CNB Financial shares rise as Q2 results top estimates

Published 22/07/2025, 21:44
CNB Financial shares rise as Q2 results top estimates

Investing.com -- CNB Financial Corporation (NASDAQ:CCNE) shares gained 2.2% after the parent company of CNB Bank reported second-quarter earnings that exceeded analyst expectations, driven by strong loan growth and improved net interest margin.

The bank posted adjusted earnings of $0.63 per share for the quarter ended June 30, 2025, beating the analyst estimate of $0.60. Revenue climbed to $61.2 million, surpassing the consensus estimate of $59.55 million.

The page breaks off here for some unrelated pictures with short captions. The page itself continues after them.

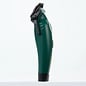 Cocco Cocco Velco Lite Clipper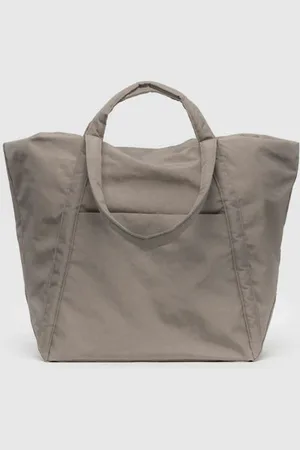 Baggu Dove Travel Cloud Bag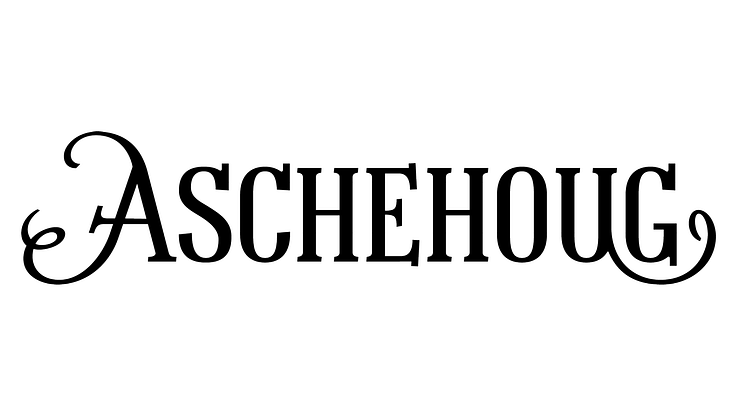 Konkurranseklagenemnda gir Aschehoug medhold – seks års kamp mot Konkurransetilsynet er vunnet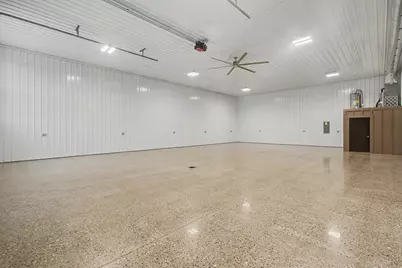 3589 Commercial Boulevard #22, Saugatuck, MI 49453 - Photo 8
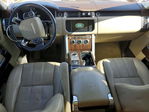 Land Rover Range Rover 2014
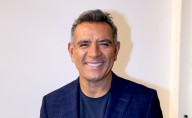 Héctor Sandarti es eliminado de Top Chef VIP 4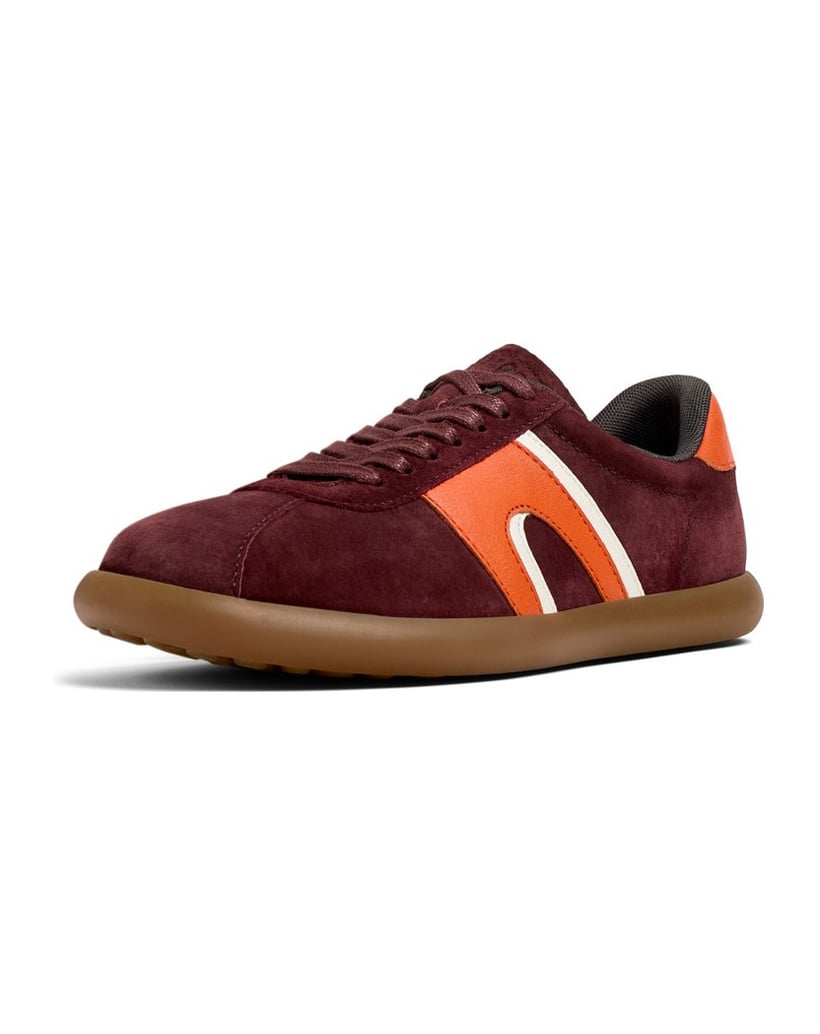 Camper-SNEAKER-PELOTAS-SOLLER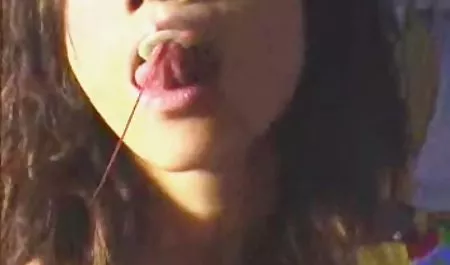 Alay adult izlee
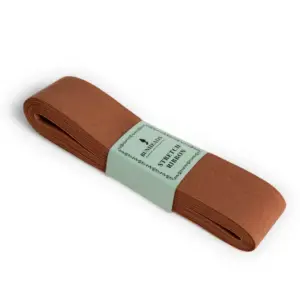 Capezio Skintone Ribbon and Elastic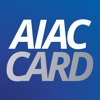 AIACARD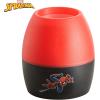 imageIdea Nuova Star Wars The Mandalorian Featuring Grogu Scene Projection Kids Lamp and NightlightSpiderman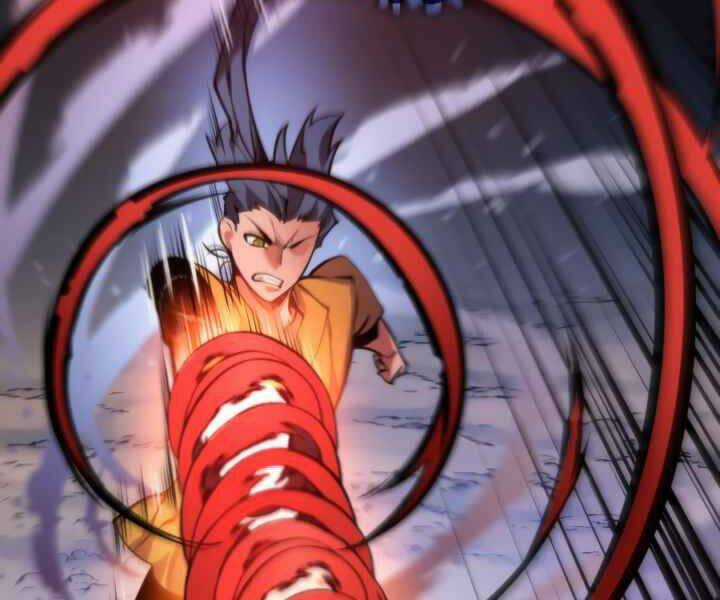 Thời Đại Hoàng Kim Chapter 35 trang 56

Net interest margin improved significantly to 3.60% in the second quarter, up from 3.38% in the previous quarter. The company benefited from a 16 basis point increase in earning asset yields while the cost of interest-bearing liabilities decreased by 5 basis points.

"Our second quarter earnings and growth reflected the positive momentum of continued commercial loan growth and demand," said Michael Peduzzi, President and CEO. "These volume increases in our core net interest income components were complemented by increases in our average loan yield and continued decreases in our cost of interest-bearing funds."

Loans totaled $4.7 billion at quarter-end, representing a quarterly increase of $113.7 million or 2.50% (10.04% annualized) compared to March 31, 2025. Year-over-year, loans grew by $228.7 million or 5.17%.

Total (EPA:TTEF) deposits were $5.5 billion, reflecting a modest quarterly increase of $7.0 million. The bank reported significant improvement in asset quality, with nonperforming assets decreasing to $30.4 million or 0.48% of total assets, compared to $56.1 million or 0.89% of total assets in the previous quarter.

The company is set to close its acquisition of ESSA Bancorp (NASDAQ:ESSA) on July 23, 2025, which is expected to significantly expand CNB’s earning-asset base and market footprint in Northeastern Pennsylvania.